Pour les rassurer, le pasteur-influenceur a prêté serment de ne plus de ne plus être une source de scandale. « Devant les hommes, je m’engage à respecter la décision des serviteurs de Dieu en ce jour, en renonçant à aborder des sujets inutiles sur les réseaux sociaux. Je promets de consacrer toute mon énergie à la cause de l’Évangile et au service des pasteurs. Devant l’assemblée, je déclare que ma bouche sera dédiée à la défense du peuple et au soutien des affligés. Je prends l’engagement de ne plus être une source de scandale pour le corps du Christ. Je fais cette promesse devant Dieu, sur sa parole et devant l’assemblée, en demandant qu’il me fortifie et m’aide à honorer mes engagements, au nom de Jésus-Christ », a-t-il répété.
Mais pour le Dr. Hugo Douali, enseignant de psychologie à l’université de Daloa et fin connaisseur des pratiques religieuses, cette cérémonie ne vise qu’à servir de vitrine à ces pasteurs qui ne sont pas toujours considérés comme ils l’auraient voulu. D’autant qu’à quelques mois des élections présidentielles, leur nombre peut aussi influencer le pouvoir au point de vouloir les impliquer dans sa campagne.

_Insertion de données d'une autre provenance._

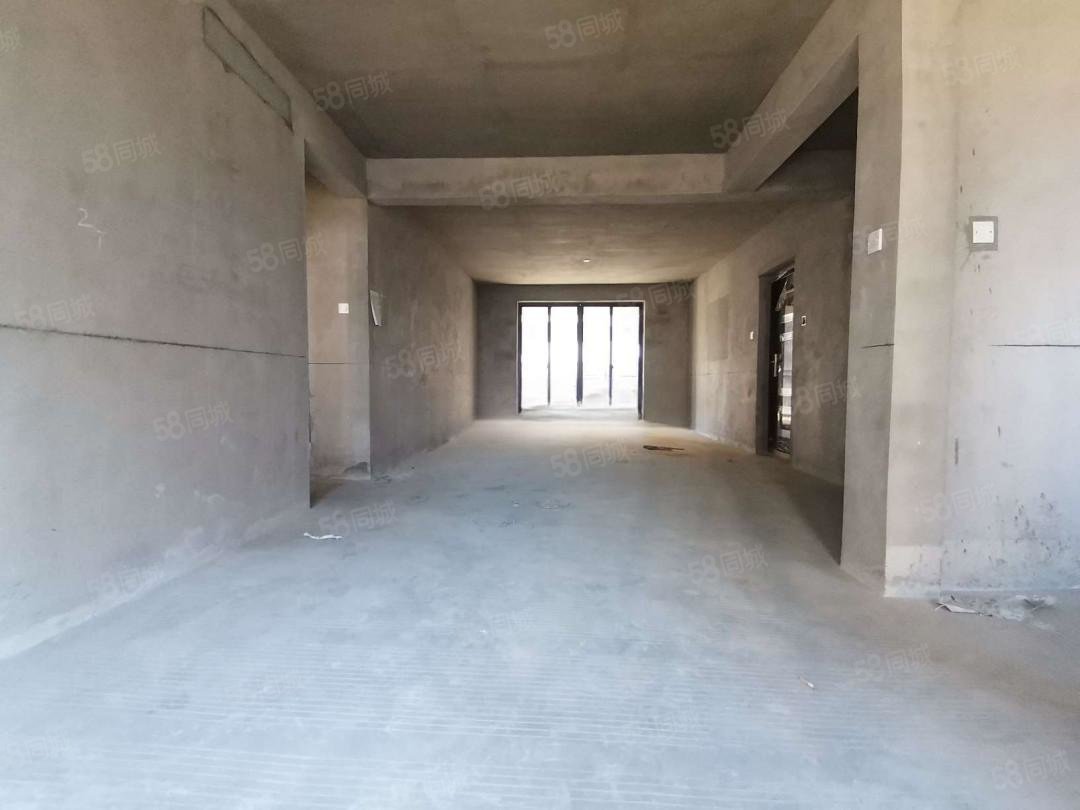 润鸿水尚4室2厅2卫119.39㎡东55.8万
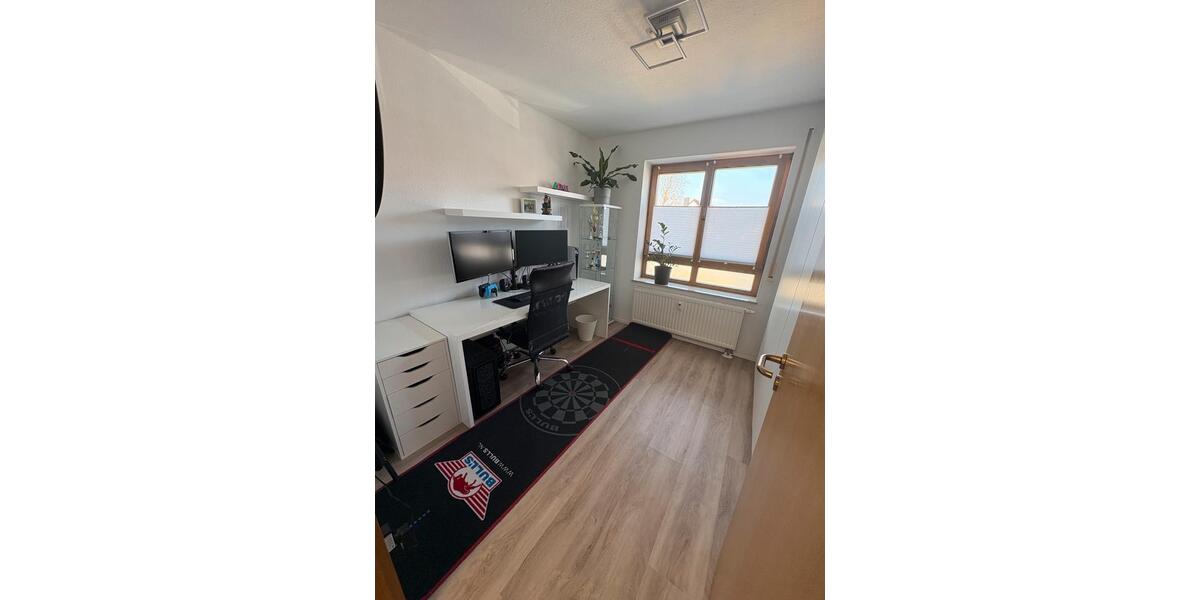 Etagenwohnung Hausen - 3 Zimmer, 83 m&sup2;, 790&euro; | Angebot:25832042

« Le piétinement du christianisme »
Sur la plateforme facebook, des internautes n’ont pas hésité à commenter la séquence. L’un d’entre eux a même qualifié ladite cérémonie d’imposture et de mascarade. « C’est malsain d’user du nom de Christ à des fins purement politiques. Aller encore vendre ce corps comme bétail électoral pour soutirer de l’argent au parti au pouvoir comme l’avait déjà fait le pasteur Camille Makosso avec Hamed Bakayoko (l’ancien premier ministre qui succéda à Amadou Coulibaly avant de disparaître presque dans les mêmes circonstances) est simplement dégoûtant ».
Cette cérémonie heurte la fibre chrétienne de plusieurs lecteurs. « Comment nos éminents hommes de Dieu peuvent-ils assister dans un mutisme coupable un tel piétinement du Christianisme ? », se demande l’un, tandis que pour un autre, « c’est bien ce fléau qui fait perdre toute sa valeur à cette religion au profit de l’Islam ».
En tout cas, Camille Makosso est un amateur de buzz qui est généralement en avance de plusieurs coups. Il sait en effet que depuis plusieurs mois, des confessions religieuses rompent l’omerta et se plaignent de plus en plus publiquement de l’ordonnance de 2024 sur la société civile qui englobe aussi les organisations cultuelles. Au terme de cette loi, les Églises ou autres communautés religieuses sont désormais tenues de présenter un rapport d’activités chacune, de déclarer leurs impôts et d’avoir un compte en banque dans un établissement financier ivoirien de la place.